Abstract
241534
Introduction: Some of the commonly encountered NETs include – GEP NETs, bronchial NETs, neuroblastoma, pheochromocytoma, paraganglioma and medullary carcinoma thyroid. The radiotracers, characteristic locations of occurrence, imaging features and role of nuclear medicine imaging in these tumours will be described in this exhibit.

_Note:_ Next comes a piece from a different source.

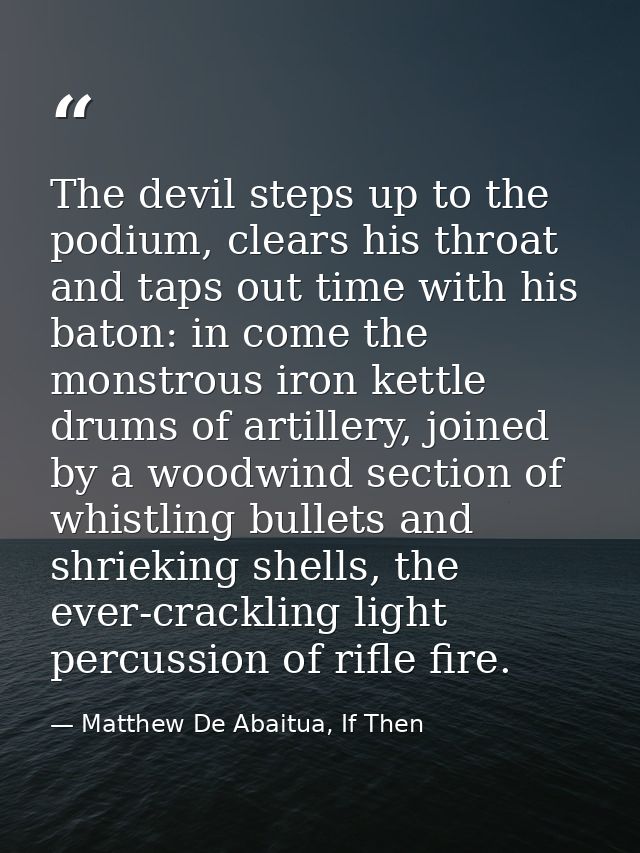 The devil steps up to the podium, clears his throat and taps out time with his baton: in come the monstrous iron kettle  — Matthew De Abaitua, If Then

Methods: Some of the radiotracers discussed will include MIBG, SSTR agonists and DOPA with their relative advantages and disadvantages. A pictorial review of cases of NET – medullary carcinoma thyroid, bronchial carcinoid, GEP NET(WHO classification and grading; non-functional and functional – insulinoma, gastrinoma), neuroblastoma(various locations), pheochromocytoma, paraganglioma (various locations – head and neck (glomus tympanicum, glomus jugulare, glomus vagale, carotid body tumour; chest; abdominal) highlighting of role of nuclear imaging in various clinical scenarios will be provided including diagnosis, staging, response assessment, recurrence and therapy planning (assessment of tumour grade) including diagnostic pearls and pitfalls.
Results: The exhibit will be described under following headings – Radiotracers and their physiologic distribution; Case Scenarios using these radiotracers highlighting location, imaging features and specific role and Pearls and pitfalls.
Conclusions: In this exhibit, we present cases that highlight the role of nuclear imaging in various NETs.